In the introductory texts for the catalogue that accompanied this exhibition, Enric Huguet, another pioneer (see earlier post), recalled some of the teachings that Queralt had conveyed to him: ethical values, knowledge of the history of the classic typefaces, creative processes and initial ideas before tackling the actual project.

In this same text, Huguet described the particular working technique used by Queralt: he sketched in black and white on a piece of paper covered with a large layer of plaster. The black he applied with a fountain pen or a brush, and when he had to create white spaces or retouch some error that had got away from him in the black, he didn’t do it with white ink, but rather by scraping with a burin and taking advantage of the thick layer of plaster to restore the white background of the paper base. The burin he used, as Huguet describes it, was tempered steel and sharpened diagonally, to obtain results that simulated wood engravings.

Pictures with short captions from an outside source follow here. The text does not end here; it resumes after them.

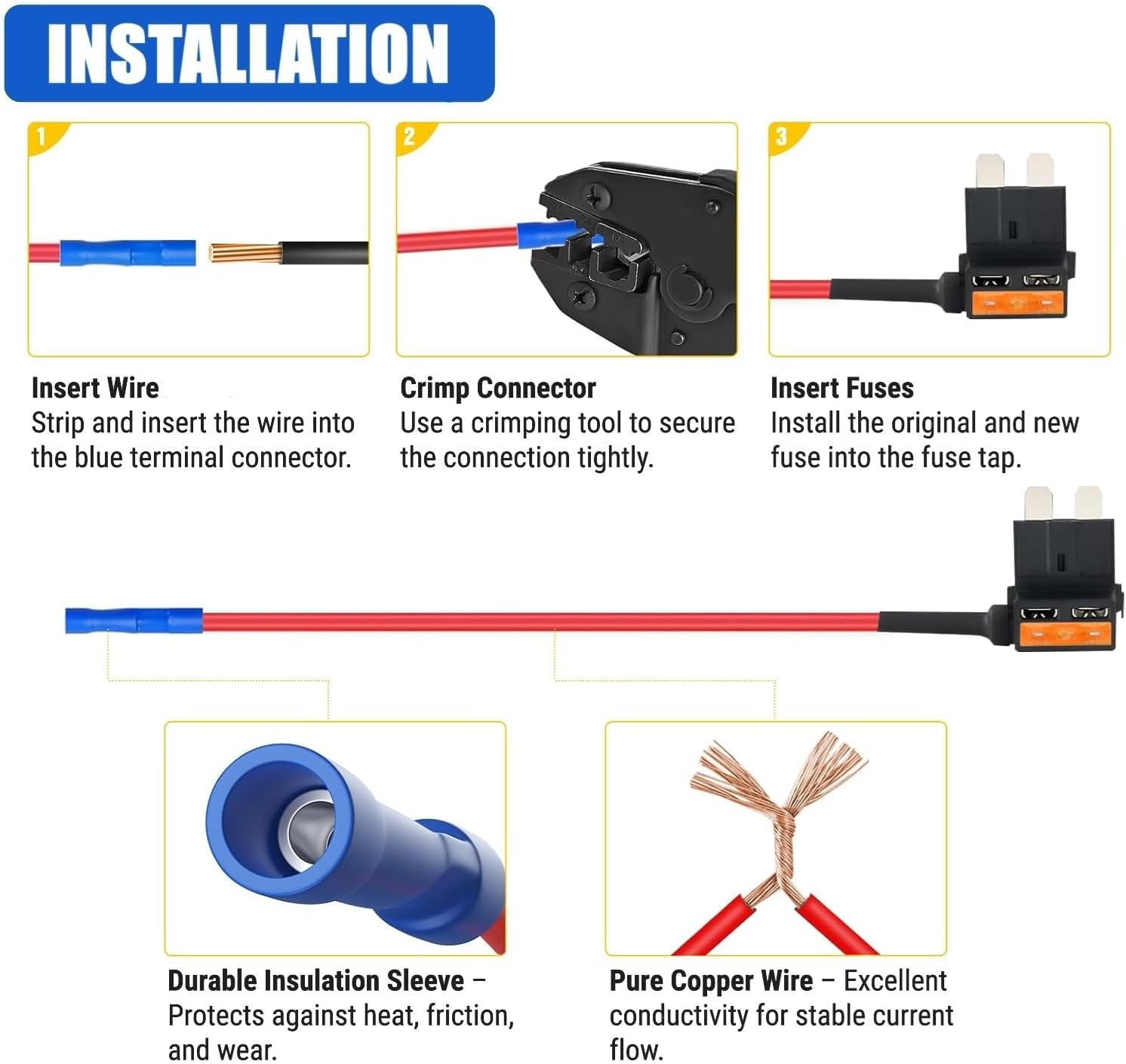 5 Pack Standard Fuse Tap Kit &ndash; 16AWG Add-A-Circuit Fuse Holders with Blue Terminals &ndash; APR/ATC/ATS Standard Blade Adapter for Car, Ute, SUV, 4WD, 12V Accessory Wiring (5, 1AMP) image number 2
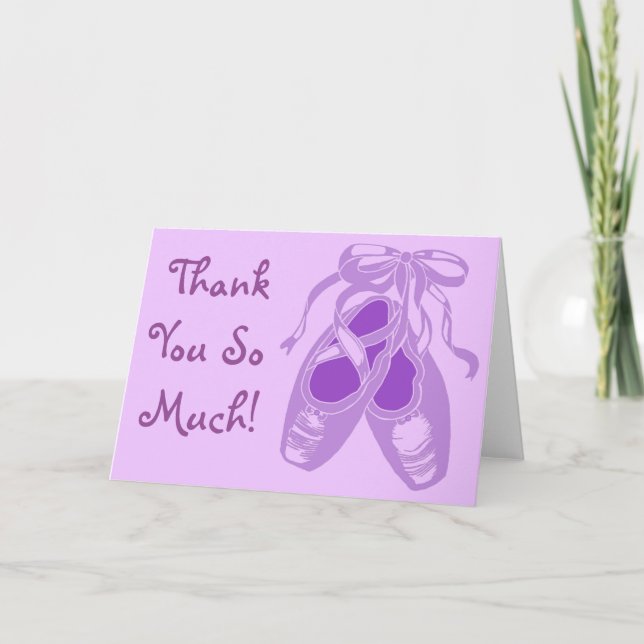 Purple Ballet Shoes Lavender Thank You Card (Front)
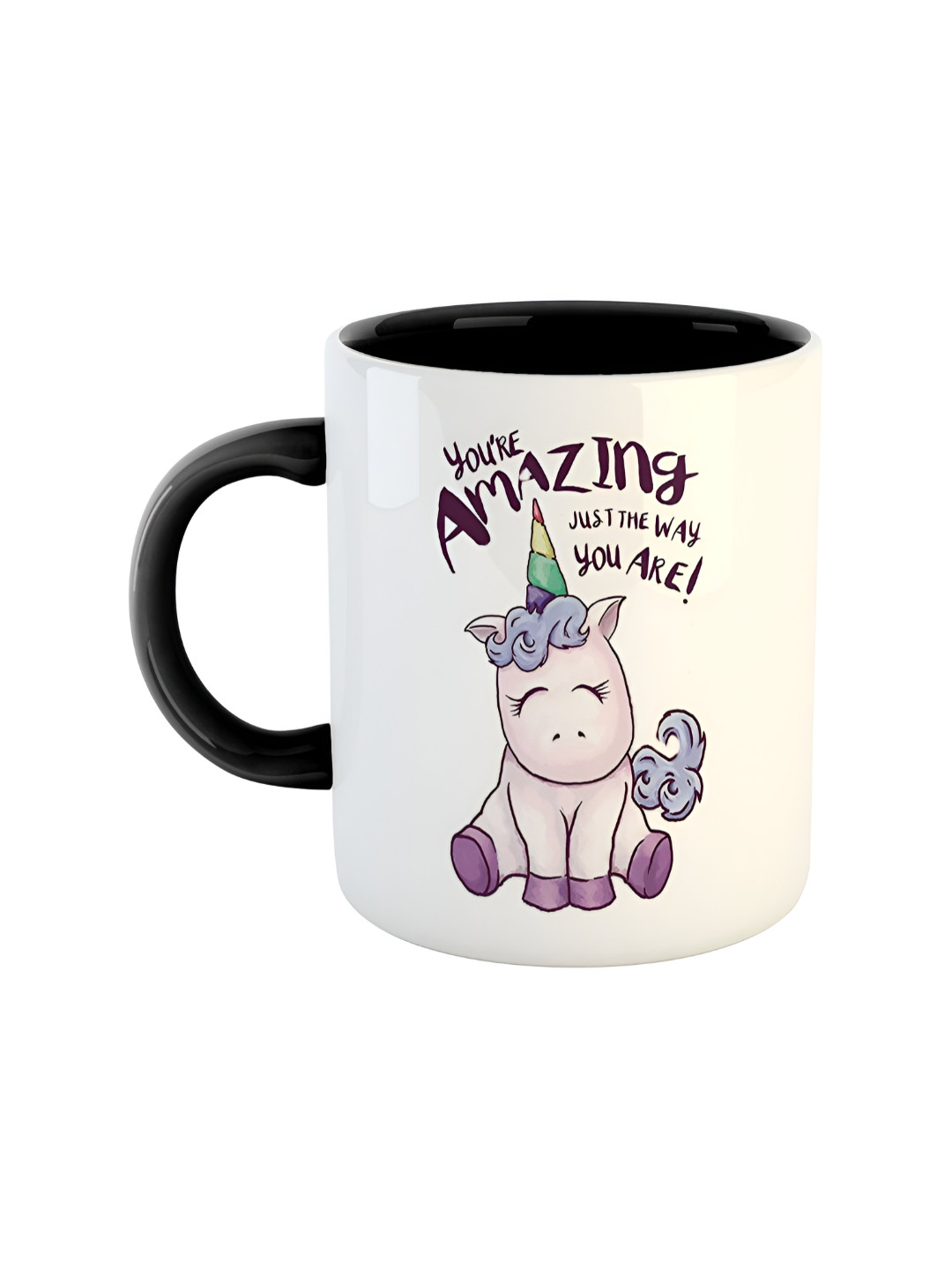 ARTBUG Cute Shine Like the Star You are Amazing Black Typography Ceramic Microwave Safe Mug-350ml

As the designer Víctor Oliva wrote in another of the introductory texts for the catalogue, Josep Queralt’s posters demonstrated a mastery of space characteristic of the graphic artists of that era, who were capable of positioning the elements in different layers in order to focus the information on the most important aspects. This resource, together with the typographic handling of the letters drawn one by one, carefully maintaining the stylistic consistency with the object or image that accompanied them, reveals the craft of a designer who had the hand of a poster artist and the mind of an advertising man.